Higher demand for electricity and natural gas drove an increase in industrial production in April, though factory output grew more modestly, according to the Federal Reserve.
Industrial production rose 0.7% in April after decreasing in the previous two months, the Fed said Tuesday. Fueling the rise was a 5.8% jump in the index for utilities, as the demand for electricity and natural gas returned to a more normal level after being suppressed by warmer-than-usual weather in March.
However, manufacturing output rose just 0.3% after declining the same amount in March. Mining production fell 2.3% and has decreased more than 1.5% per month, on average, over the past eight months.
At 104.1% of its 2012 average, total industrial production in April was 1.1% below its year-earlier level.
The Fed’s report suggests that underlying economic growth is still subdued nearly seven years after emerging from recession, according to The Wall Street Journal.

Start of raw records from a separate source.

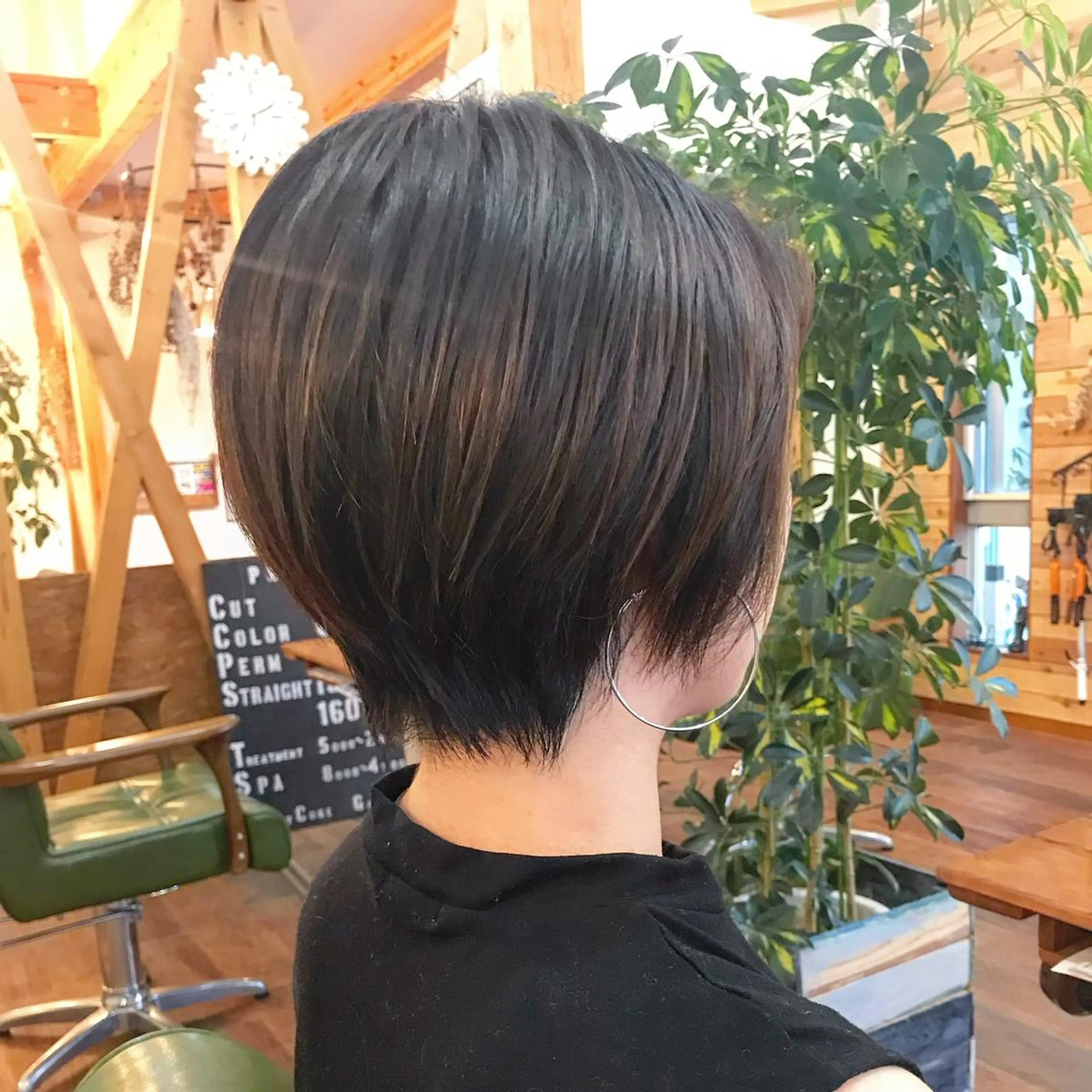 ショート ショートヘア 菅野 愛のヘアスタイル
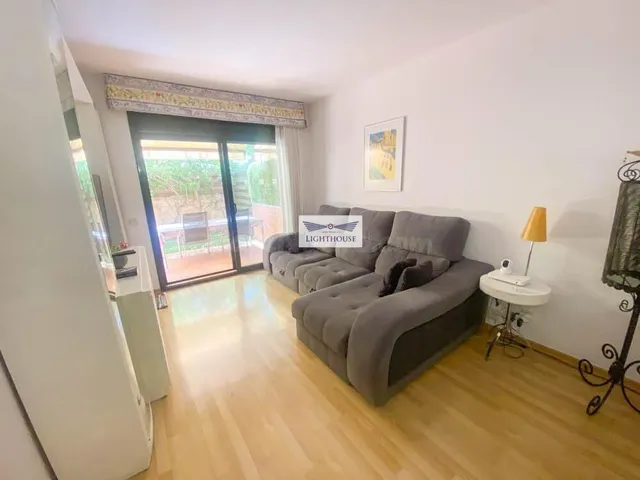 Fantastica planta baja reformada con jardín de 60m2 y parkin - foto 2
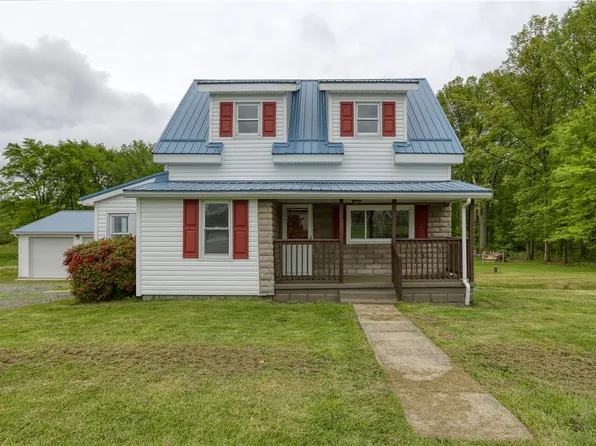 1094 Pine Glenn Rd, Pulaski, PA 16143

Since last summer, overall output had fallen broadly, due in large part to weak demand for products and the strong dollar driving up U.S. export prices in foreign markets.
TD Securities economist Millan Mulraine called the overall report “encouraging” but said the economy looked far from robust, according to the WSJ, with “gains in utility production likely to be unsustainable and the rebound in the manufacturing sector looking vulnerable.”
The economy grew at just a 0.5% annual rate in the first quarter. Many private-sector forecasts expect growth to rebound to between 2% and 2.5%, annualized, in the current quarter. The Atlanta Federal Reserve estimates growth of 2.8%.